Copy every record verbatim but exclude the pictures.

Stored data entries:

»»

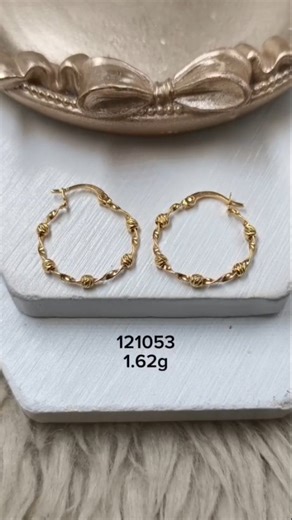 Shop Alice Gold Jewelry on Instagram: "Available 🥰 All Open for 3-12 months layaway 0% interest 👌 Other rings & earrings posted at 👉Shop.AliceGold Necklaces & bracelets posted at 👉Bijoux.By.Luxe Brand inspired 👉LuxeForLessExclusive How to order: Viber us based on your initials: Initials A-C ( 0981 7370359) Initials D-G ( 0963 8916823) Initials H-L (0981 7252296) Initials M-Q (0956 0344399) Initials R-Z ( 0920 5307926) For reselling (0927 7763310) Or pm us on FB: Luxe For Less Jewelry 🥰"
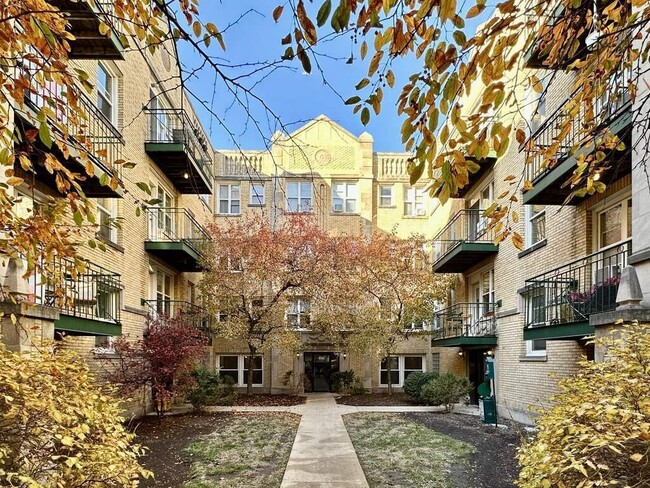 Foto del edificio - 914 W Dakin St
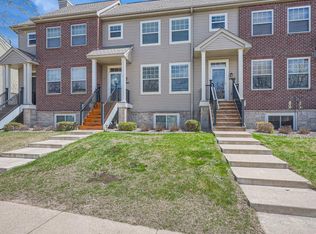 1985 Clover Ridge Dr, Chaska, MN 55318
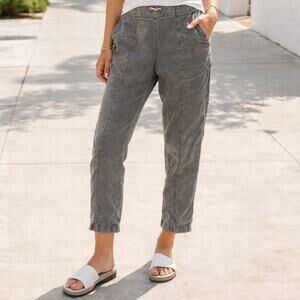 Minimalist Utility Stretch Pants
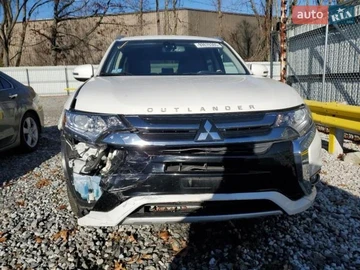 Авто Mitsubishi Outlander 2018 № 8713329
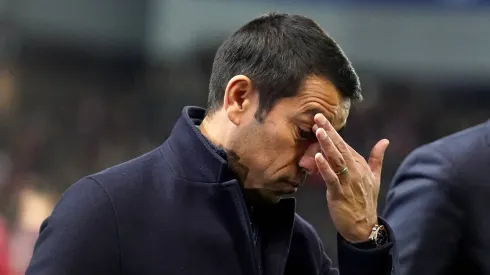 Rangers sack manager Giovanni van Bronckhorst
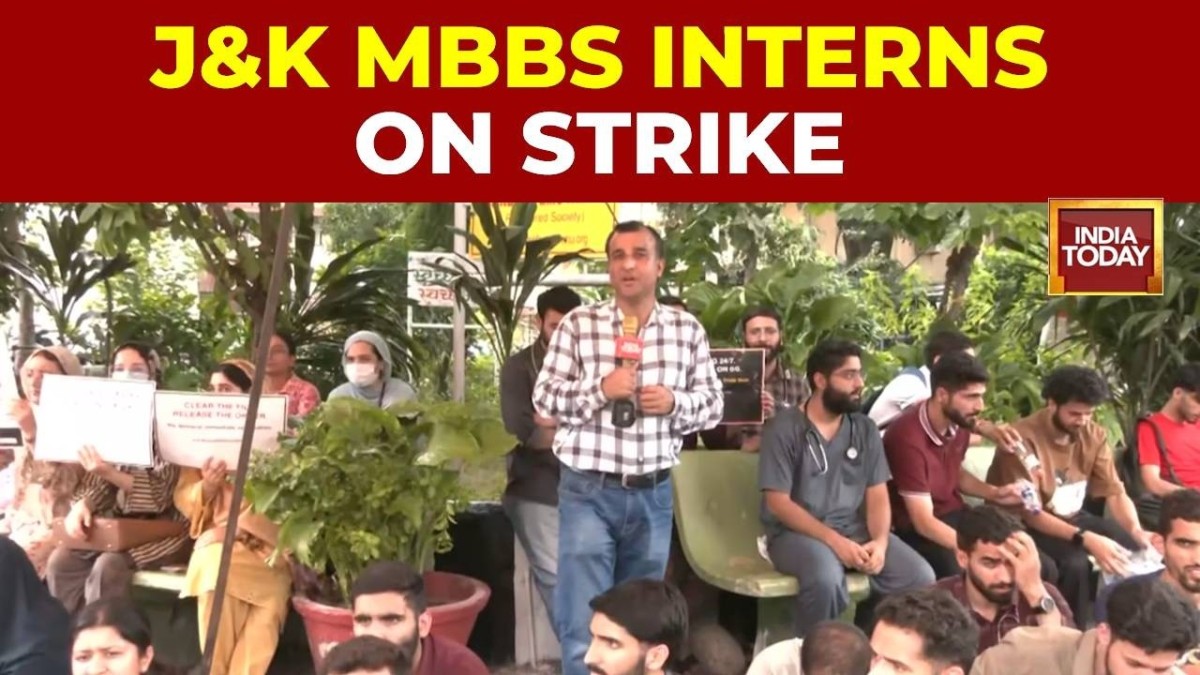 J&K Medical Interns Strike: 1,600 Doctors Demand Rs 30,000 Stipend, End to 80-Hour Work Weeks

««

ANSWER SPACE:
 Shop Alice Gold Jewelry on Instagram: "Available 🥰 All Open for 3-12 months layaway 0% interest 👌 Other rings & earrings posted at 👉Shop.AliceGold Necklaces & bracelets posted at 👉Bijoux.By.Luxe Brand inspired 👉LuxeForLessExclusive How to order: Viber us based on your initials: Initials A-C ( 0981 7370359) Initials D-G ( 0963 8916823) Initials H-L (0981 7252296) Initials M-Q (0956 0344399) Initials R-Z ( 0920 5307926) For reselling (0927 7763310) Or pm us on FB: Luxe For Less Jewelry 🥰"
 Foto del edificio - 914 W Dakin St
 1985 Clover Ridge Dr, Chaska, MN 55318
 Minimalist Utility Stretch Pants
 Авто Mitsubishi Outlander 2018 № 8713329
 Rangers sack manager Giovanni van Bronckhorst
 J&K Medical Interns Strike: 1,600 Doctors Demand Rs 30,000 Stipend, End to 80-Hour Work Weeks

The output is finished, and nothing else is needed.